#### Records supplied ####

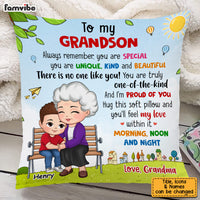 Personalized Gift For Grandson You Are Pillow 30477 thumb 1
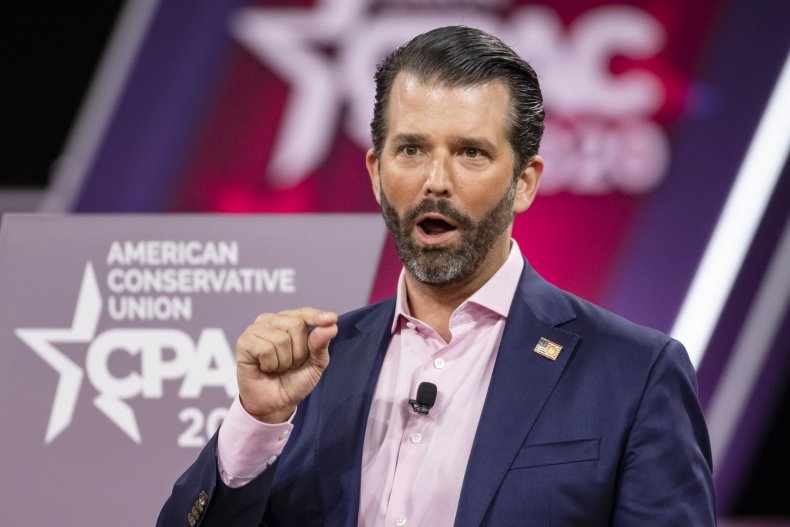 Trump Jr Fauci tyrant vaccine mandates flights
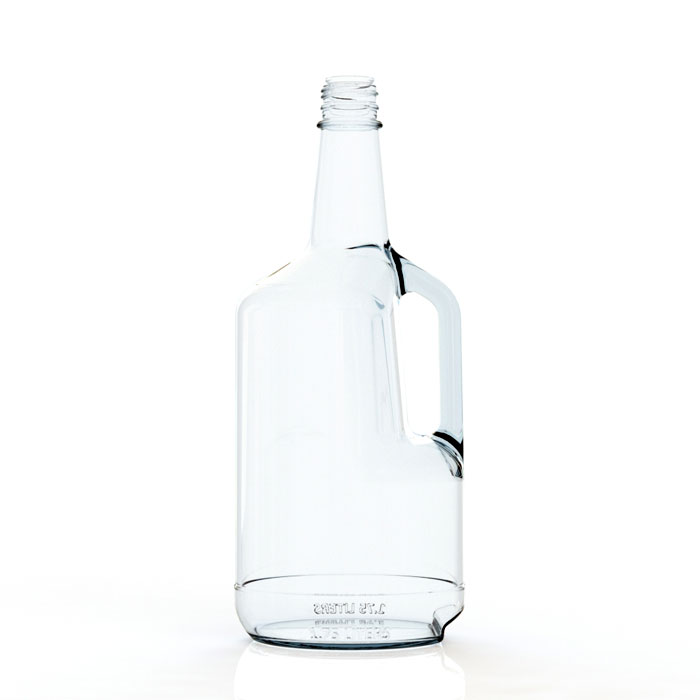 1.75 Liter Handle Classic Spirit Bottle
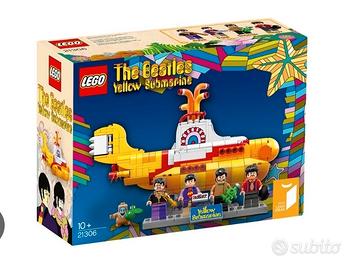 lego yellow submarine 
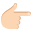 :backhand_index_pointing_right_light_skin_tone: 👉🏻
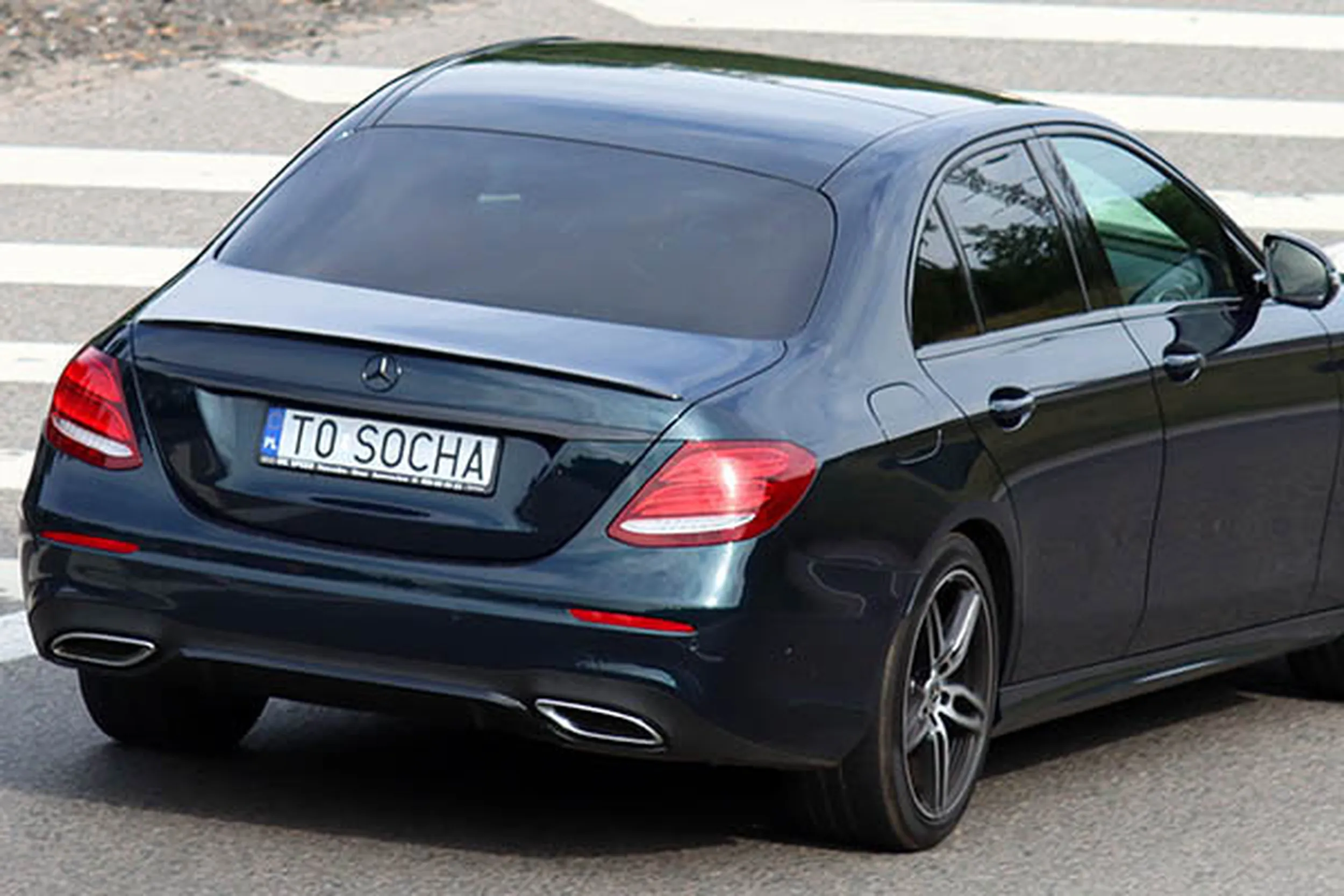 Fajny numer, blacha T0 SOCHA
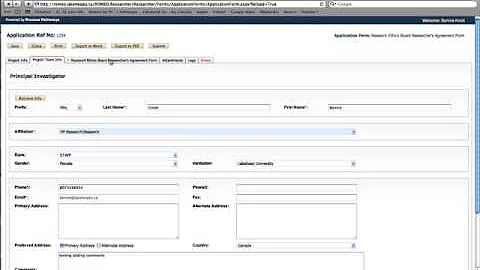 How to apply for REB or AU Protocol Approval
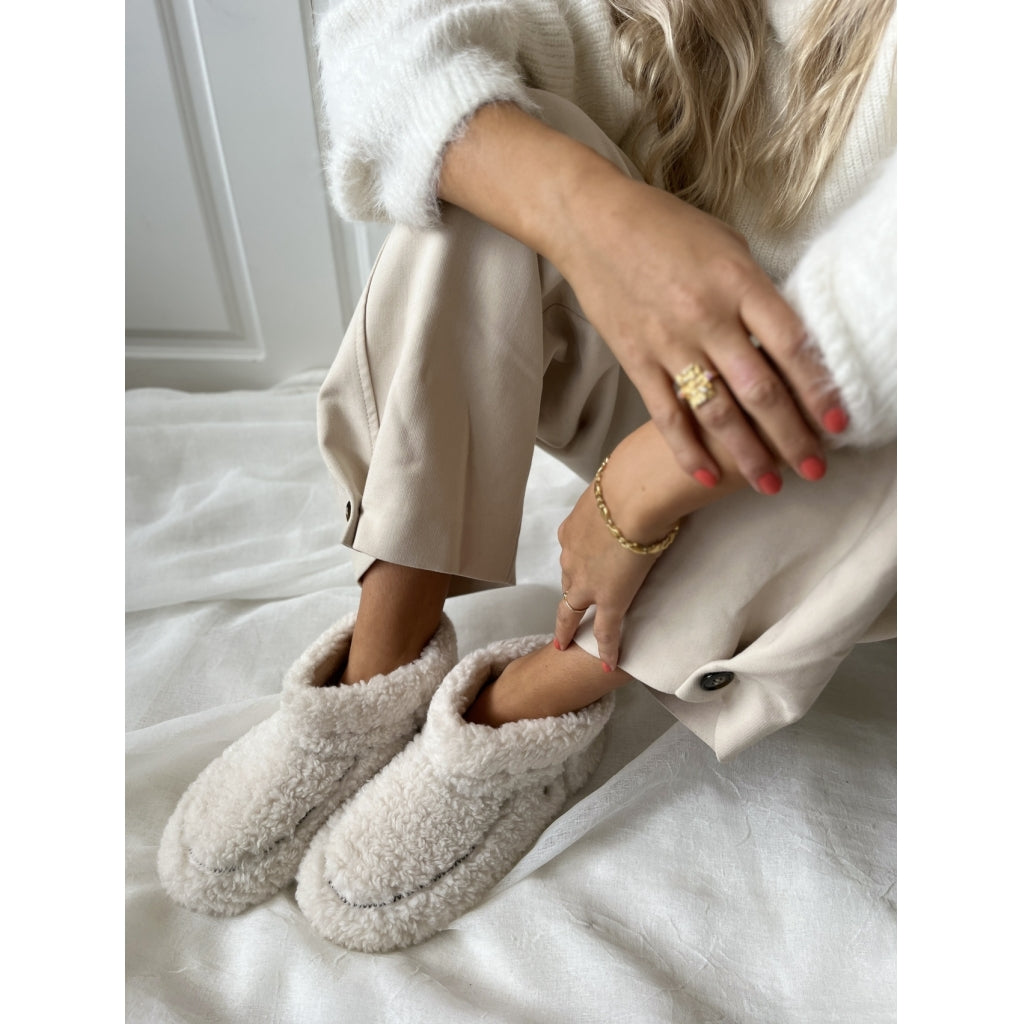 COPENHAGEN SHOES PRIVACY OFF WHITE Hjemmesko 1621 OFF WHITE (CRUDO)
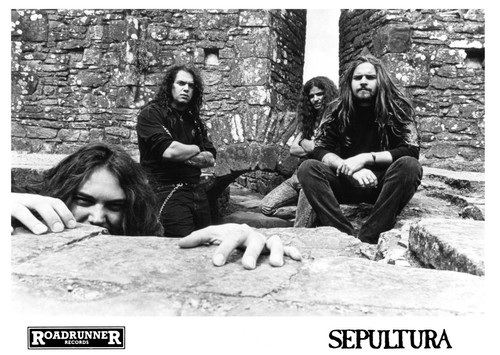 Sepultura promo photo 1990 - -,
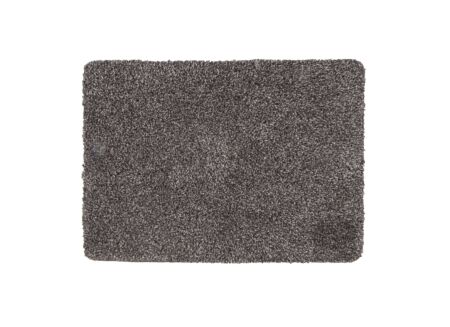 Deurmat Absorb 65x45cm katoen grijs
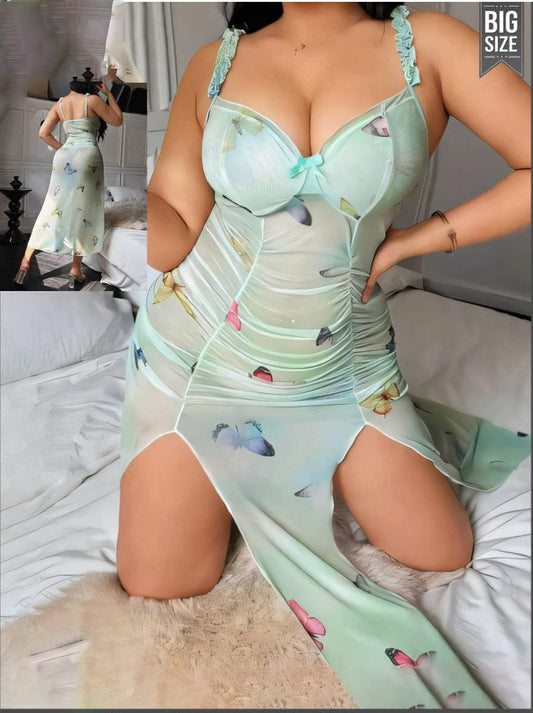 Long Lingerie big size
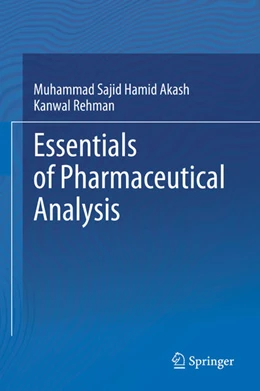 Abbildung von Akash / Rehman | Essentials of Pharmaceutical Analysis | 1. Auflage | 2019 | beck-shop.de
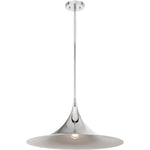 Bowdin 1-Light Pendant in Matte Black
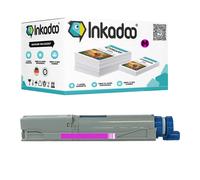 Toner Compatibile Con OKI 43459321 Toner MC 360 C 3530 MFP C 3530 N MFP C 3520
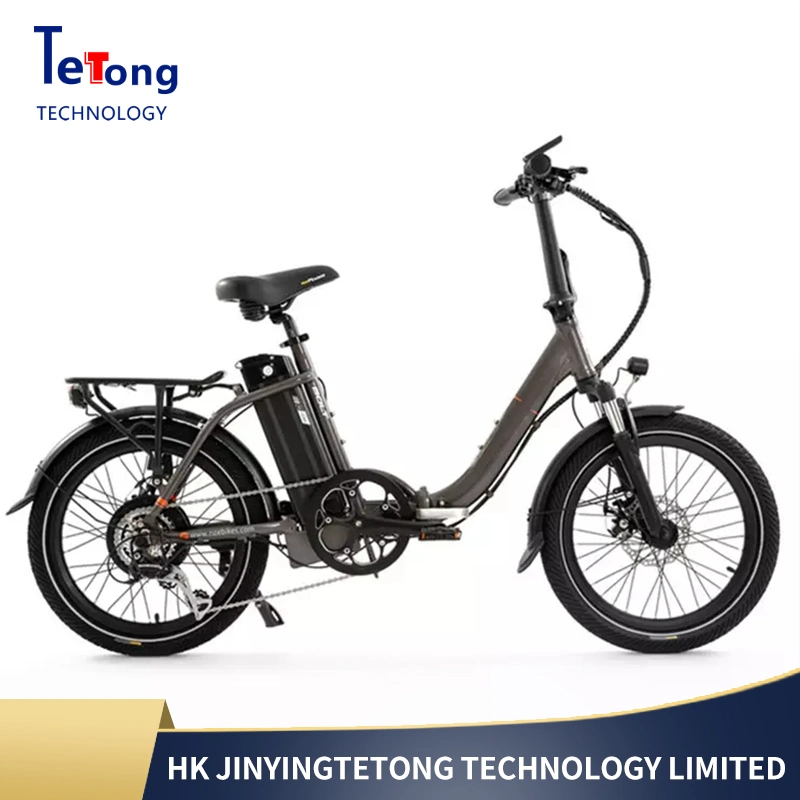 Factory Wholesale CE Certificate China Factory Price 500W Electric Bike 20 Inch Portable Electric Bike Foldable Bike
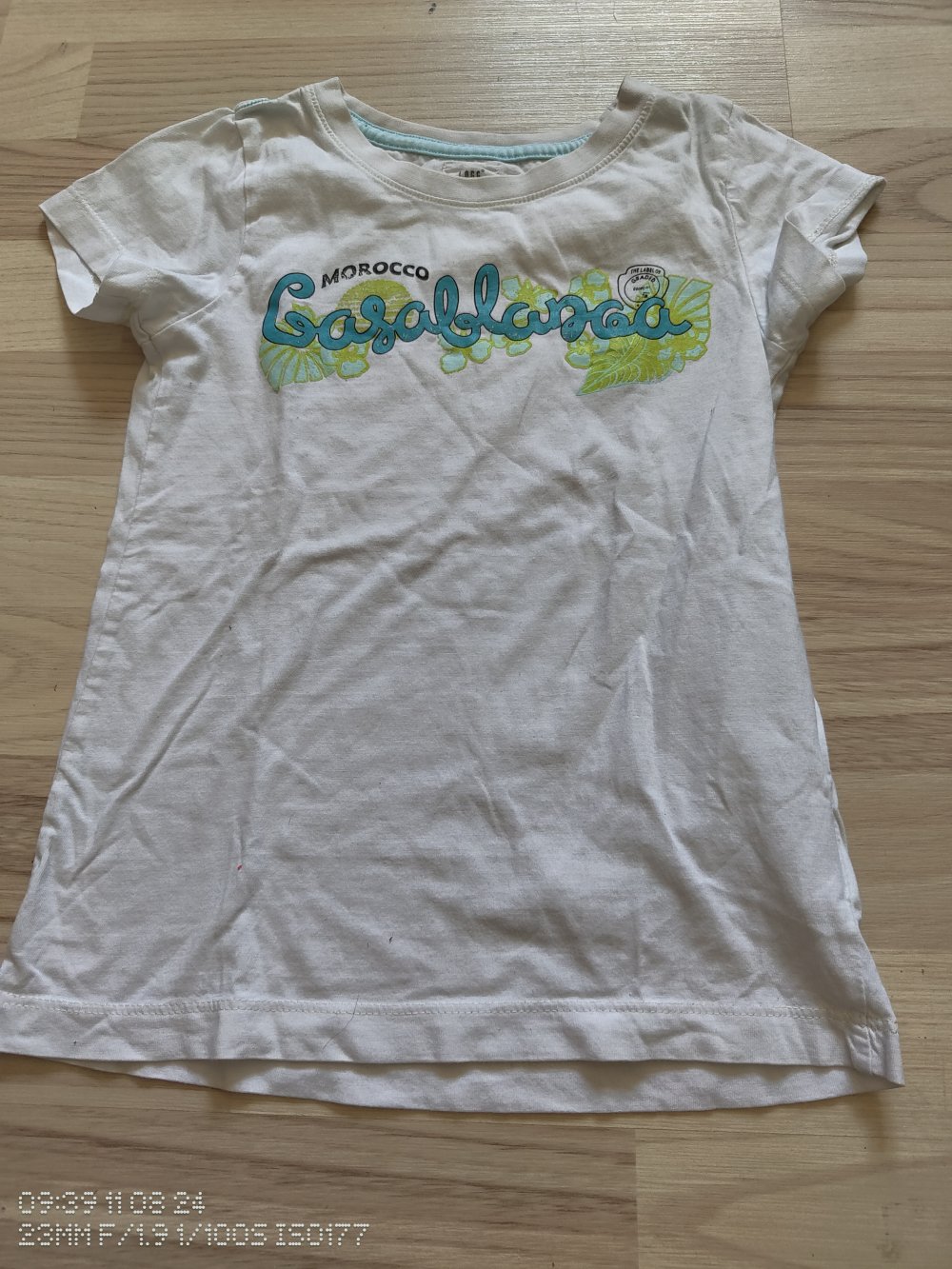 T-Shirt Größe 122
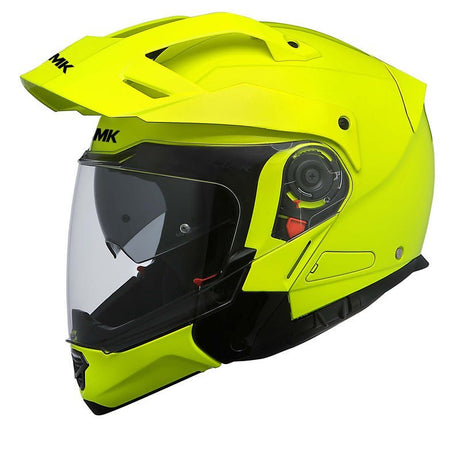 SMK HELMETS HYBRID EVO HELMET - YELLOW HI - VIZ (XL) (1000030959) - Driven Powersports Inc.89026134188711000030959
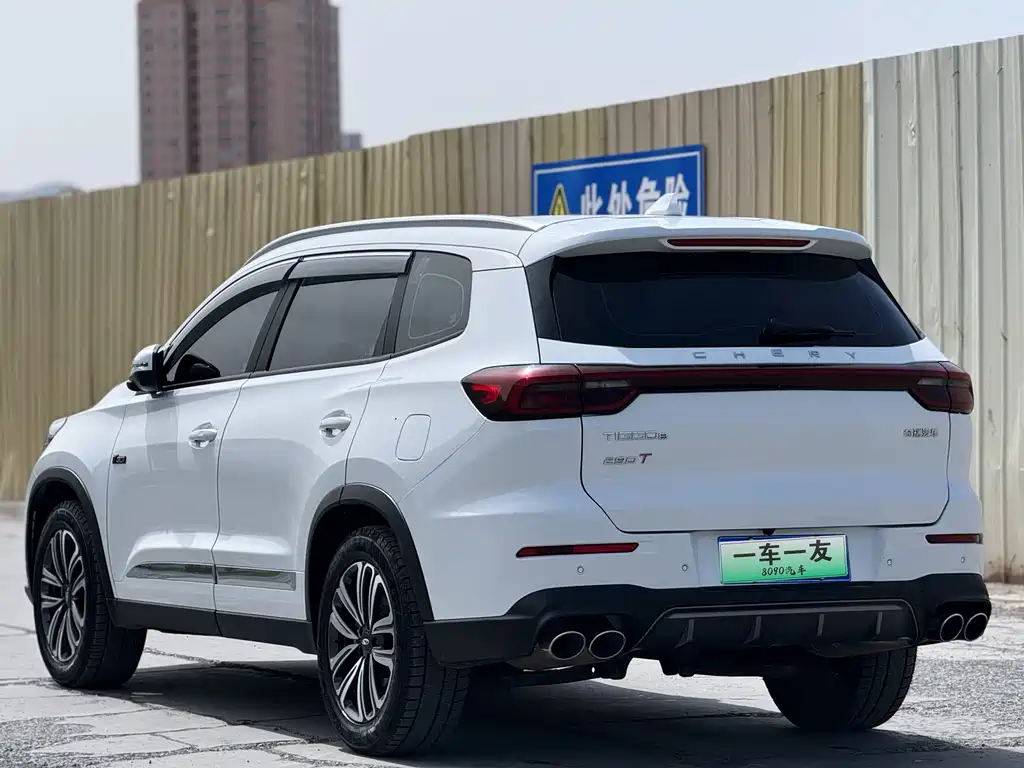 Tiggo 8 Kunpeng 290 TGDI Auto Wind Chaser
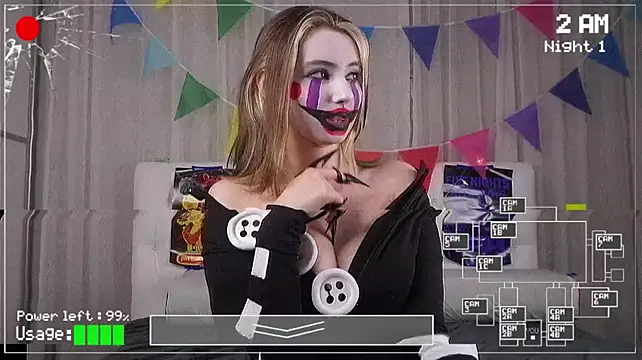 PrincipessaDelCaos - tease with puppet tongue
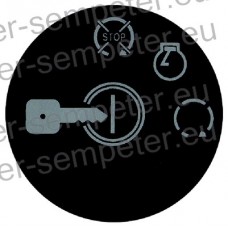 NALEPKA ZETOR KLJUČAVNICA VŽIG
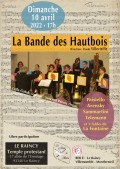 La Bande des Hautbois, Leïla Galeb et Vincent Péron en concert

####

→ Your objective: The lines to restate word for word run from the line that contains "Factory Wholesale CE" through the end of the entries above, both ends included. Leave out all pictures and write nothing else.

→ Response area:
 Factory Wholesale CE Certificate China Factory Price 500W Electric Bike 20 Inch Portable Electric Bike Foldable Bike
 T-Shirt Größe 122
 SMK HELMETS HYBRID EVO HELMET - YELLOW HI - VIZ (XL) (1000030959) - Driven Powersports Inc.89026134188711000030959
 Tiggo 8 Kunpeng 290 TGDI Auto Wind Chaser
 PrincipessaDelCaos - tease with puppet tongue
 NALEPKA ZETOR KLJUČAVNICA VŽIG
 La Bande des Hautbois, Leïla Galeb et Vincent Péron en concert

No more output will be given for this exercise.